يَا أَيُّهَا الَّذِينَ آمَنُواْ كُونُواْ قَوَّامِينَ لِلّهِ شُهَدَاء بِالْقِسْطِ وَلاَ يَجْرِمَنَّكُمْ شَنَآنُ قَوْمٍ عَلَى أَلاَّ تَعْدِلُواْ اعْدِلُواْ هُوَ أَقْرَبُ لِلتَّقْوَى وَاتَّقُواْ اللّهَ إِنَّ اللّهَ خَبِيرٌ بِمَا تَعْمَلُونَ
Yâ eyyuhellezîne âmenû kûnû kavvâmîne lillâhi şuhedâe bil kıstı ve lâ yecrimennekum şeneânu kavmin alâ ellâ ta’dilû. I’dilû hüve akrabu lit takva vettekûllâhe innallâhe habîrun bimâ ta’melûn.
Ey îmân edenler, dâimâ Allah için hakdan ve adâletden yana olun, şâhidliğiniz de dâimâ adâletli olsun! Sakın bir kavme olan kîniniz sizi adâletsizliğe sevketmesin! Adâletli davranın! Takvâya en yakın olan budur. Allah'dan korkun! Çünkü Allah, bütün yaptıklarınızdan haberdârdır"
Sûre-i Mâide, Âyet 8
Daha önce bir vesîle ile zikredip zâhirî ma'nâsından bahsettiğimiz bu âyet-i kerîmenin tasavvufî vechesine de işâret edelim. Her işde ve her hususda âdil olmayı emreden bu âyet-i kerîme, tezkiye-i nefs husûsunda da düstûrumuz ve rehberimiz olmalıdır. Tarîkat-ı aliyyenin vaz' ettiği nefs ile mücâhede, budist râhiplerinin veya hind fakirlerinin mücâhedesi gibi değildir. Maksad nefsi öldürmek değil, onu ıslâh etmekdir.
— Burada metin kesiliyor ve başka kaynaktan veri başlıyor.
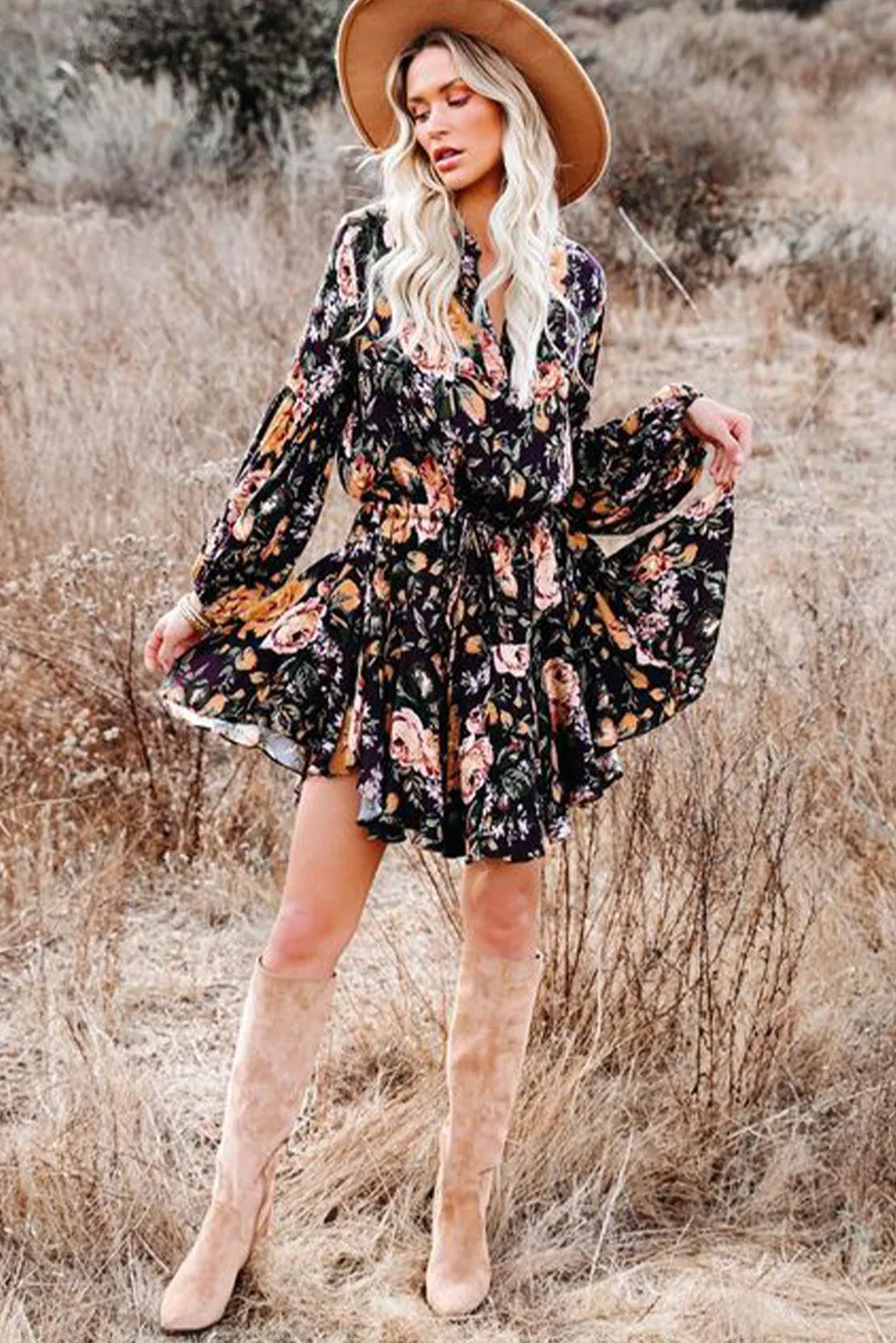 Women's Long Sleeve Ruffle Dress Floral Flowy Boho Mini Short Beach Dress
Zîrâ nefs ölünce ondan bir fayda gelmez, mühim olan nefsi ıslah ederek onu Allah yolunda kullanabilmekdir. Şöyle ki;
Dervîşlikde hedef hiç bir şey yemeden-içmeden yaşamak değil, yemeğin esîri olmakdan kurtulmak, yaşayacak kadar yemek-içmekdir. Hiç evlenmemek, şehvetini öldürmek de doğru değildir. Maksad şehvetin esîri olmamak, onu da yerli yerinde kullanmak, hayırlı evlad sâhibi olmakdır. Ruhbanlar gibi dağa çekilmek ve hiç kimse ile görüşmeden konuşmadan yaşamak da doğru değildir. Maksad halk ile hakka hukûka riâyet ederek görüşmek ve halkın arasında Hakk ile olmakdır. Çalışmamak, tembel tembel oturmak, başkasına el açarak yaşamak, tufeylîlik, dilencilik gibi şeyler de kabûl edilemez. Makbûl olan, çalışmak, helâlinden kazanmak, kazandığından yedirmek, infâk etmek ve halka hizmeti Hakk'a hizmet bilmekdir.
Hâsılı her hususda i'tidâl yani adâlet üzere olmak esâsdır. Zâten adâletin hakîkati de her şeyi yerli yerine koymak, herkese ve herşeye hakkını hak ettiği ölçüde vermekdir.